I am happy now too.  Maybe, if I really admit it, I am even happier now.

However, I do not recognize myself in the very short time that I have transitioned to part time work in retirement.  My friends and colleagues also say I have changed.  My friends and colleagues say that I look more relaxed.  I am surely more open, because I am free of the constraints of my employment, but they say it is more.  I have slowed down, it seems.

In that slowing down, I have gained a disease of retirement, procrastination.

My “To Do” lists have “To Do” lists.  The lists run into the teens of things I have to do.  I tried to analyze the difference, of course, because that is who I am.  Here is what this Grandma thinks are the whys and wherefores of the disease.

Very Busy

Yes, I am busier than I was when I was working.  I did not understand how this could happen.  However, while working, by necessity, I limited my horizons.  Now, since my horizons are limitless, I want to do anything and everything, do too much, plan too much, and have too much to do.

Relaxation

In high stress, high volume employment, I moved at high speed.  Exercise, Yoga, and Pilates were my release and relaxation.  I still wake up early, but everything seems to take longer.  I rarely could finish the two newspapers I read every morning before work.  I rarely can finish the two newspapers I read every morning until mid morning.  My head is not full of other peoples’ problems and I am moving slower and easier.

Too Much Time

I look at my “To Do” lists every morning.  I look at those crossed items crossed off as done the previous day.  I am shocked at how little I accomplished on my list for the day before.  Then, I look at the list and know that much of it is not imperative to be done today.  I can leave it for tomorrow as I have tomorrow free if I want it, the free time for such luxury.  There is something to the saying that one should ask a busy person to complete a job.

Prioritizing Gratitude and Joy

I find that I do what I want to do first, which is to connect with those I care about more frequently than time permitted before.  Grandpa and I do things during the day that were left for weekends or evenings.  If something on the list seems like a chore, on the list it remains. . . .now for weeks.  I appreciate my beautiful Florida surroundings. I actually just stare at the ocean and smile.  After nearly half a century of work, I am grateful for the time I have gained to prioritize what brings me joy.

Being Able To Say No

I must admit I still have to work on this.  But, then, it just gets added to the list.
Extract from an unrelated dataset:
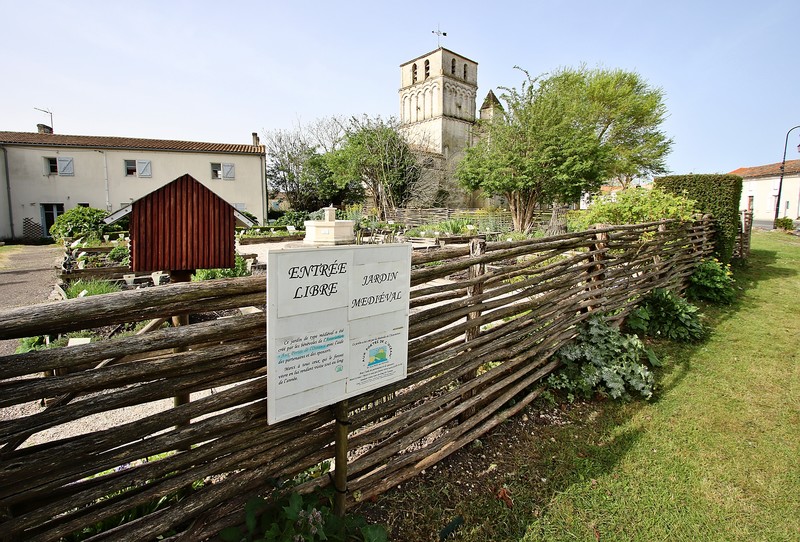 Jardin mdival Saint Sulpice de Royan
Assistance Lost and Appreciated

These were the whys and wherefores I came up with.  Then, one of my joy events, having lunch with my assistant of twenty years, led her to enlighten me as to the best reason why procrastination is a disease of retirement.  Now a treasured friend, and the reason why this blog originated, she reminded me that I no longer have her to do most everything on my list for me.

Happiness may be the cause and result of the disease of procrastination in retirement.  Happiness is not a bad cure.  Happiness is something worthy of seeking, especially because I cannot expect that there are fifty years ahead of me as there were fifty years of work to bring me to this stage of life.  But then, there is disease of procrastination.  Denial is great happiness.